There's truth to 'dead battery bounce' after all (2015) - dcminter
https://theconversation.com/it-turns-out-theres-truth-to-dead-battery-bounce-after-all-38680
======
bxparks
I have switched to using NiMH rechargeables almost exclusively now, even for
low power devices (e.g. remote controls, clocks). The problem I have
encountered with alkaline batteries is that they leak chemicals which can
destroy the electrical contacts and sometimes the entire device. I've never
had a NiMH rechargeable battery leak in the roughly 15-20 years that I've used
them. But I have seen so many alkaline batteries leak that I don't trust them
anymore. Maybe it's my imagination but alkaline batteries seem to leak far
more often today than 10-20 years ago. Is it just me, or are Duracell brand
batteries worse than others in terms of leaking?

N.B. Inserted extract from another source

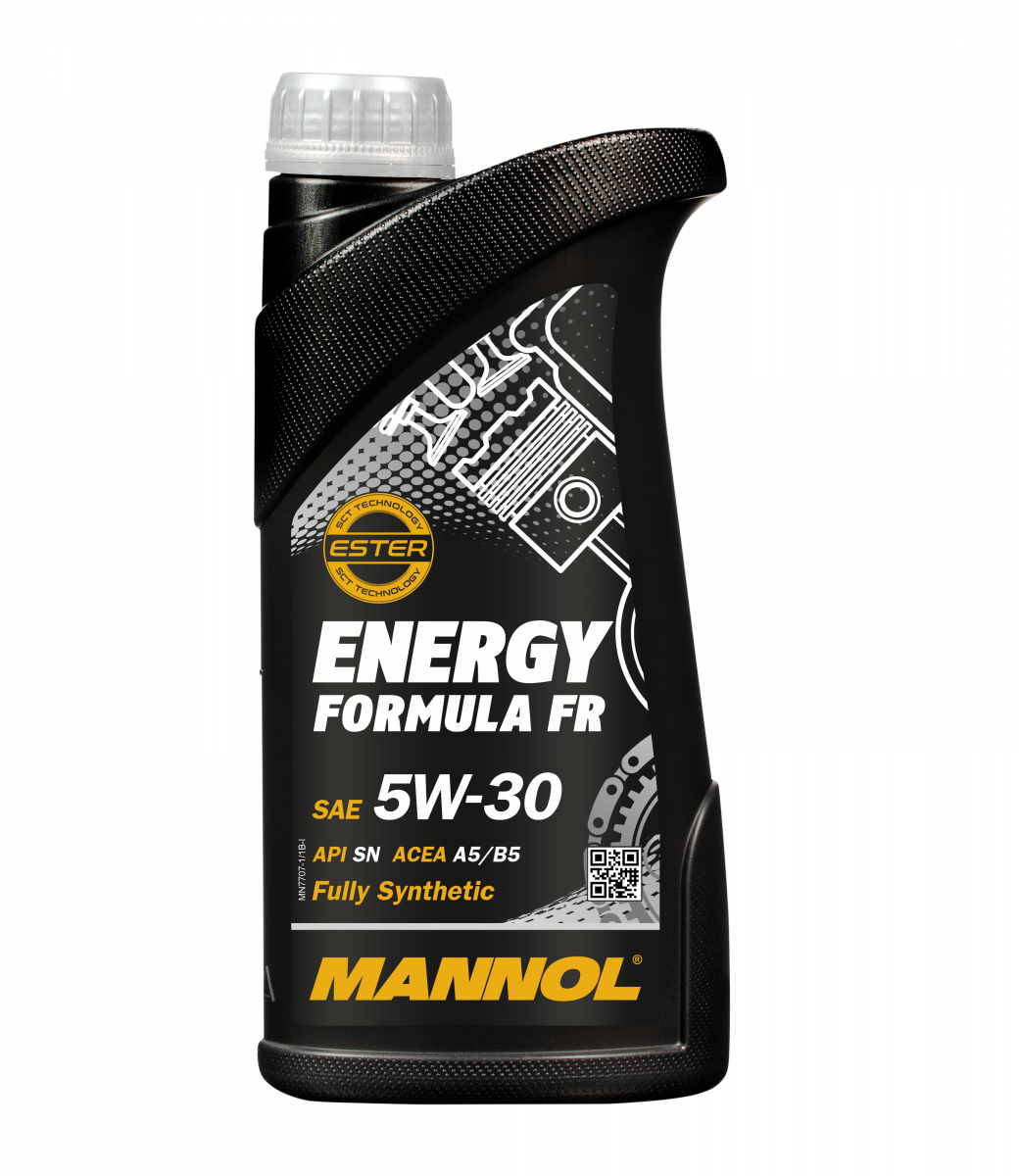 Масло моторное Mannol Energy Formula, A5/B5, 5w30, синтетика, 1л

The traditional argument for not using rechargeables on low-power devices is
that the self-discharge rate for the rechargeable battery is higher than the
power consumption of the device itself. However, some NiMH batteries (e.g
Eneloop, [https://eneloop101.com/](https://eneloop101.com/)) seem to use a
special chemistry that results in only a 30% discharge after 10 years. I use
the Eneloop brand pretty much exclusively. I think the extra cost of the
rechargeable batteries have more than paid for themselves by avoid the damage
caused by leaking alkaline batteries. The cost of NiMH batteries are now low
enough that they may be far cheaper than alkaline batteries for almost all
applications.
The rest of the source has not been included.